Devoxx – Day two – Caching

2010-12-07 21:22
Day two started with a really good talk on caching architectures by Greg Luck. He first motivated why caching works: Even with SSIDs being available now there is still a huge performance gap between RAM access times and having to go to disk. The issue is even worse in systems that are architected in a distributed way making frequent calls to remote systems.

When sizing systems for typical load, what is oftentimes forgotten is that there is no such thing as typical load: Usually the load distribution observed over one day for a service used mainly in one time zone has the shape of an elephant – most queries are issued during lunch time (head of the elephant) with another but smaller peak during the afternoon. This pattern repeats when looking at the weekly distribution, repeats again when looking at the yearly distribution. When looking at the peak time of the year, at the peak day, at the peak time your lead may be increased by several orders of magnitude compared to average load.
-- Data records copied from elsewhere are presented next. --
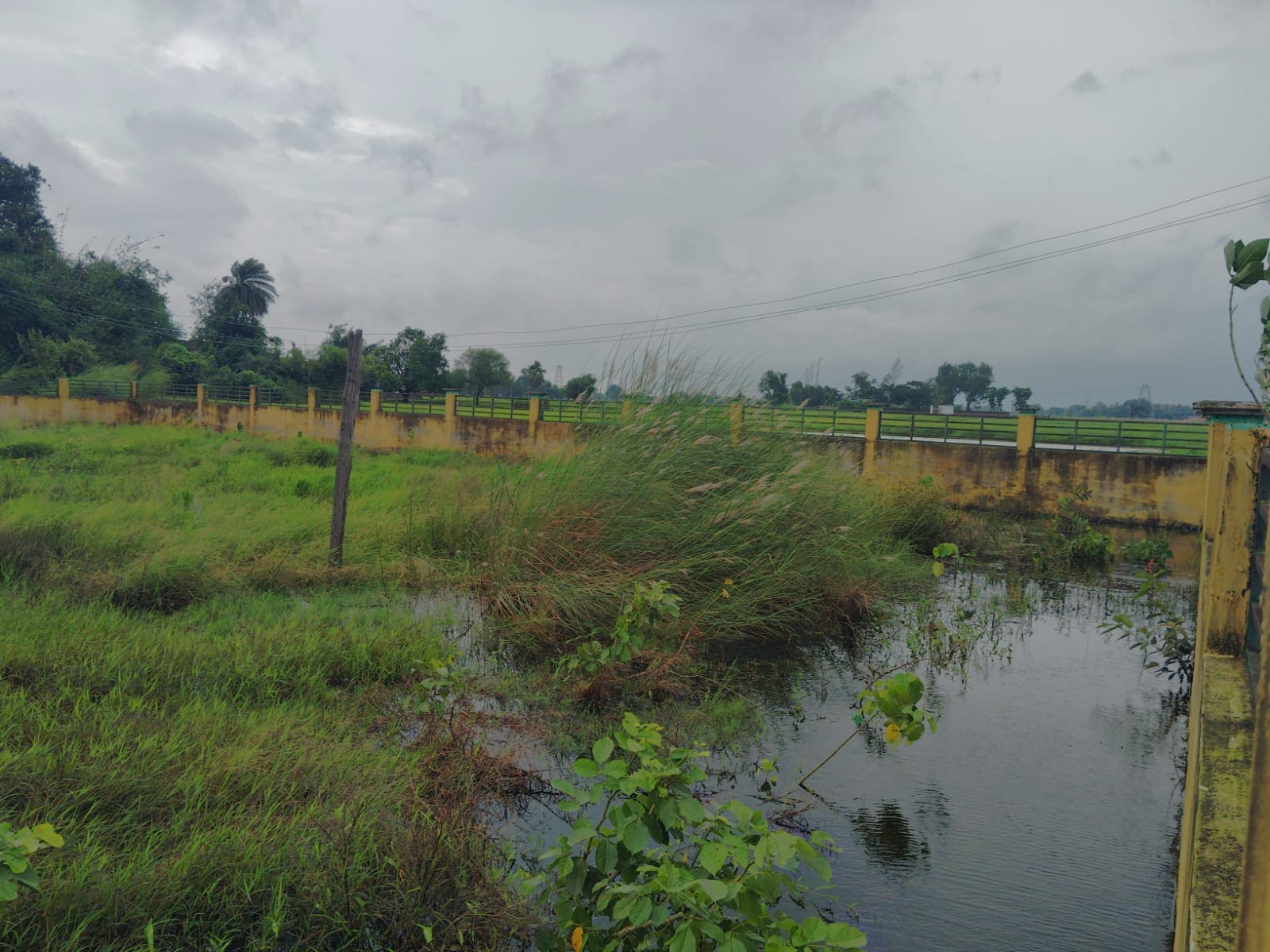 फतहपुर मंडाव ब्लाक के मलकौली गांव  में बदहाल मनरेगा मैदान, हुआ जलजमाव, उगा खरपतवार।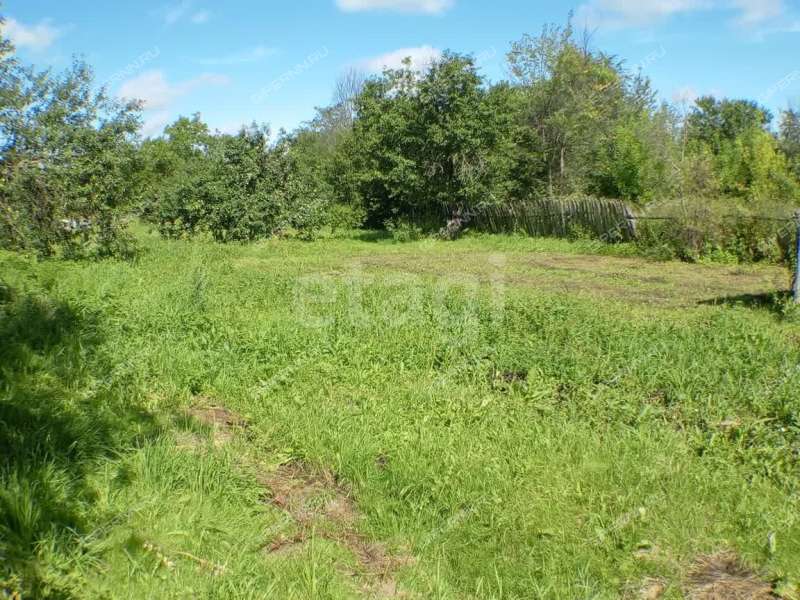 земельный участок 20,4 сотки улица Черкасский Порядок село Афанасьево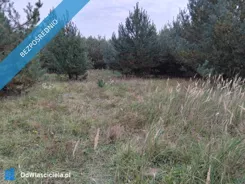 44248 - zdjęcie nr 1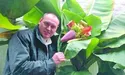Тропічні фрукти — на власному подвір'ї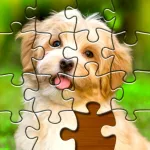 Jigsaw Puzzles Clash App icon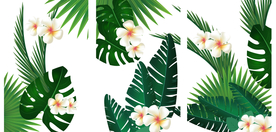 热带树叶三联画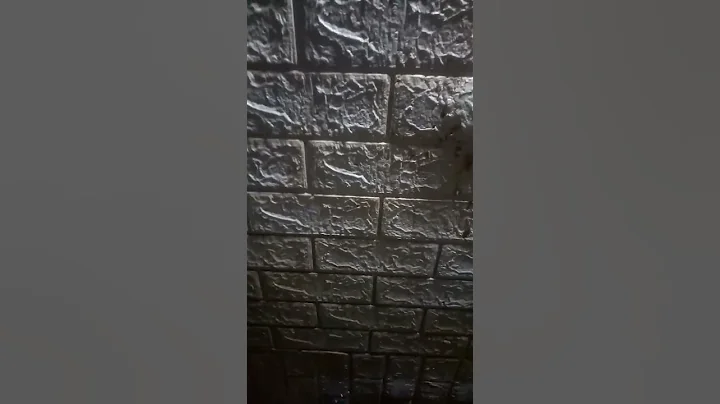 Trích đoạn video của jaygray về skibidi toilet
Although query volume may be high in most applications that reach out for caching, these queries usually exhibit a power law distribution. This means that there are just a few queries being issued very frequently, however many queries are pretty seldom. This pattern allows for high cache hit rates thus reducing load substantially even during very busy times.
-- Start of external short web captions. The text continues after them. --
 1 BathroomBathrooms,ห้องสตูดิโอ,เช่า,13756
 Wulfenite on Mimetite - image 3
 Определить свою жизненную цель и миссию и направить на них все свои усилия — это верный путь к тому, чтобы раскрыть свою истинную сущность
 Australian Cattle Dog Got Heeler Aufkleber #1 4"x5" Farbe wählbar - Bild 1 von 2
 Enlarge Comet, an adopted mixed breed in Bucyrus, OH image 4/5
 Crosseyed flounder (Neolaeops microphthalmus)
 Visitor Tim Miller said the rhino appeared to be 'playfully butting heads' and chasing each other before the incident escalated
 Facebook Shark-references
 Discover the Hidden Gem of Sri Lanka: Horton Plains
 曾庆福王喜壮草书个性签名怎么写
The speaker went into some more detail concerning different architectures: Usually projects start with one cache located directly on the frontend server. When scaling horizontally and adding more and more frontends this leads to an ever increasing load on the database during one period of lifetime for one cached item. The first idea employed to remedy this setup is to link the different caches to each other increasing cache hit rates. Problem here are updates racing to the various caches when the same query is issued to the backend by more than one frontend. The usual next step is to go for a distributed remote cache such as memcache. Of course this has the draw-back of now having to do a network call for each cache access slowing down response times by several milliseconds. Another problem with distributed caching systems is a theorem well known to people building distributed NoSQL databases: CAP says that you can get only two of the three desired properties consistency, availability and partition-tolerance. Ehcache with a terracotta back end lets you configure where your priority lies.